On the Blindspots of Convolutional Networks

TL;DR

This paper reveals limitations of convolutional networks by introducing signals they cannot detect, demonstrating that traditional models can outperform them when these signals are present, thus highlighting their blind spots.

Contribution

The study systematically analyzes convolutional networks' blind spots using designed signals, providing insights into their limitations and potential improvements.

Findings

Convolutional networks miss certain signals detectable by simpler models.

Injecting signals reveals the weaknesses of convolutional architectures.

Traditional models can outperform CNNs when signals are designed to exploit their blind spots.

Abstract

Deep convolutional network has been the state-of-the-art approach for a wide variety of tasks over the last few years. Its successes have, in many cases, turned it into the default model in quite a few domains.

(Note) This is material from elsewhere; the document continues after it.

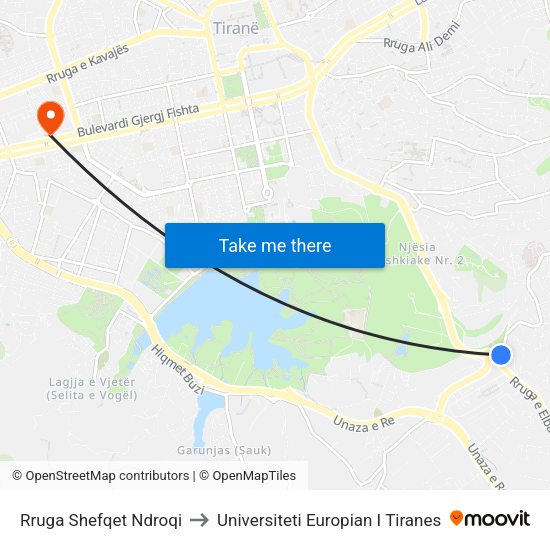 Rruga Shefqet Ndroqi to Universiteti Europian I Tiranes map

In this work, we will demonstrate that convolutional networks have limitations that may, in some cases, hinder it from learning properties of the data, which are easily recognizable by traditional, less demanding, models. To this end, we present a series of competitive analysis studies on image recognition and text analysis tasks, for which convolutional networks are known to provide state-of-the-art results. In our studies, we inject a truth-revealing signal, indiscernible for the network, thus hitting time and again the network's blind spots. The signal does not impair the network's existing performances, but it does provide an opportunity for a significant performance boost by models that can capture it. The various forms of the carefully designed signals shed a light on the strengths and weaknesses of convolutional network, which may provide insights for both theoreticians that study the power of deep architectures, and for practitioners that consider applying convolutional networks to the task at hand.